Australia yesterday cut its annual intake of immigrants by nearly 15 percent and barred some new arrivals from living in its largest cities for three years in a bid to ease urban congestion.
Australian Prime Minister Scott Morrison — who is trailing badly in the polls ahead of a federal election in May — hopes to tap into rising voter frustration over house prices and congestion, which some see as a consequence of population growth.
“This is a practical problem that Australians wanted addressed,” Morrison told reporters in Canberra after announcing that the annual immigration intake would be cut to 160,000 people, with effect from July 1, versus 190,000 before.
The policy change comes at a time of national reflection over Australia’s attitude toward migrants after the shooting of at least 50 people at two mosques in Christchurch, New Zealand.
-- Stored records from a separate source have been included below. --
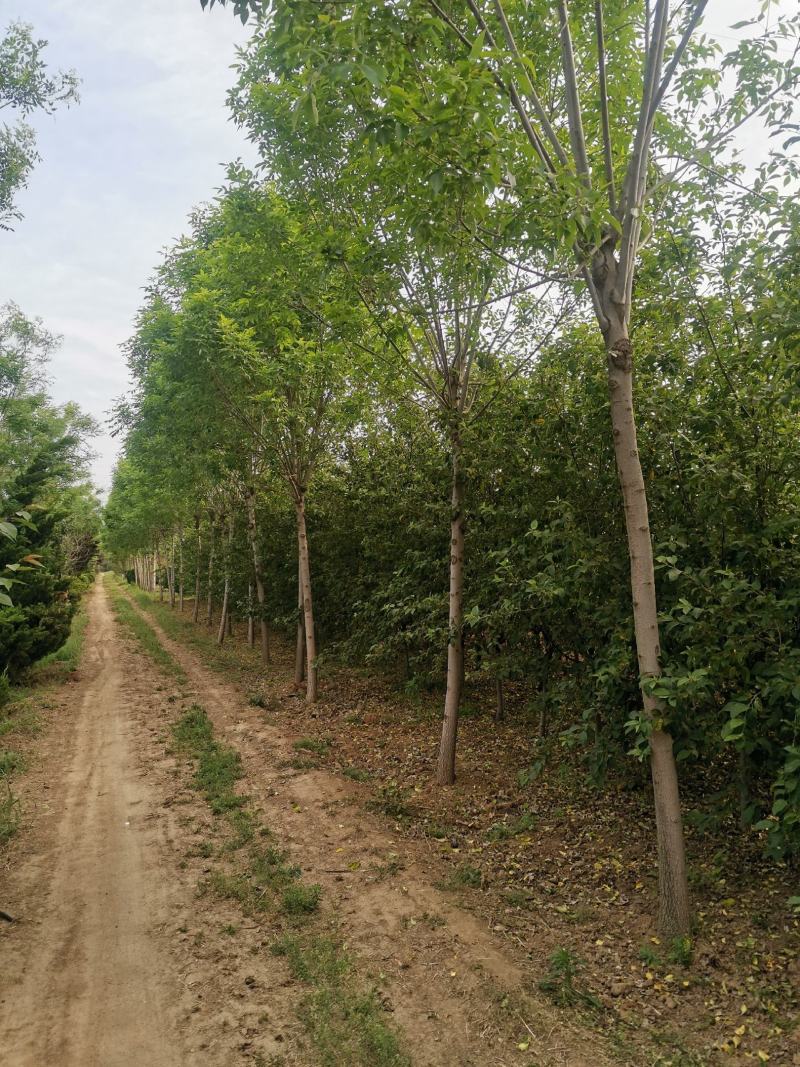 白蜡10公分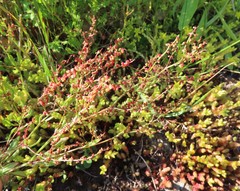 Rumex acetosella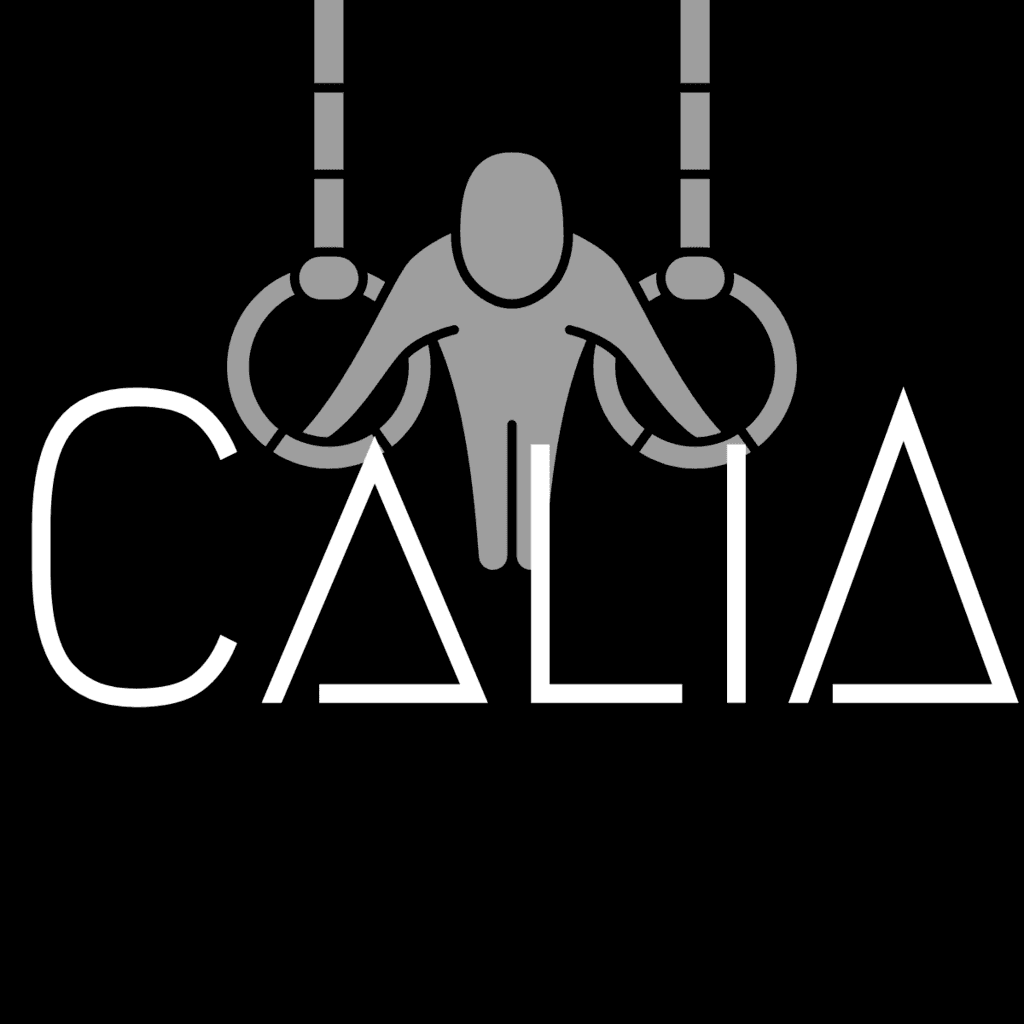 Personal Calisthenics Mobile Application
“My great frustration is that, in addressing these issues of population and immigration programs, these debates often get hijacked by those of competing views who seek to exploit them for other causes,” Morrison said. “I reject all of that absolutely.”
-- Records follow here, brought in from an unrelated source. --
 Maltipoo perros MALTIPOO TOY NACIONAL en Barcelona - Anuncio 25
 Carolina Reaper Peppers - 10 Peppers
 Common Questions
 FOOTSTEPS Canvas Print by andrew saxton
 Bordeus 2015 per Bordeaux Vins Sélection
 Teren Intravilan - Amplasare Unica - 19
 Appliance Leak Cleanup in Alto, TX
A ReachTel poll published in September last year showed that 63 percent of Sydney residents supported curbs on the number of migrants moving to Australia’s biggest city.
The cap would include places for up to 23,000 people who could migrate to Australia under a new skilled visa, Morrison said.
Such arrivals could gain permanent residency after living outside of Australia’s largest cities for three years, he added.
They would be barred from living in Melbourne, Perth, Sydney or the Gold Coast, where infrastructure is overutilized, Australian Minister for Immigration, Citizenship and Multicultural Affairs David Coleman said.
Authorities would require proof of residential and work addresses in applications for permanent residency as a way of enforcing the requirement, he added.
Business welcomed the bid to alleviate regional skill shortages.
“While Australians in our major cities are frustrated by congestion, those in our regions have told us they need more people, skills, jobs and investment,” Australian Business Council chief executive Jennifer Westacott said.
There is no cap on temporary migration, such as students on temporary visas, who form the bulk of migrants to Australia, which issued 378,292 student visas in the year to June 30 last year.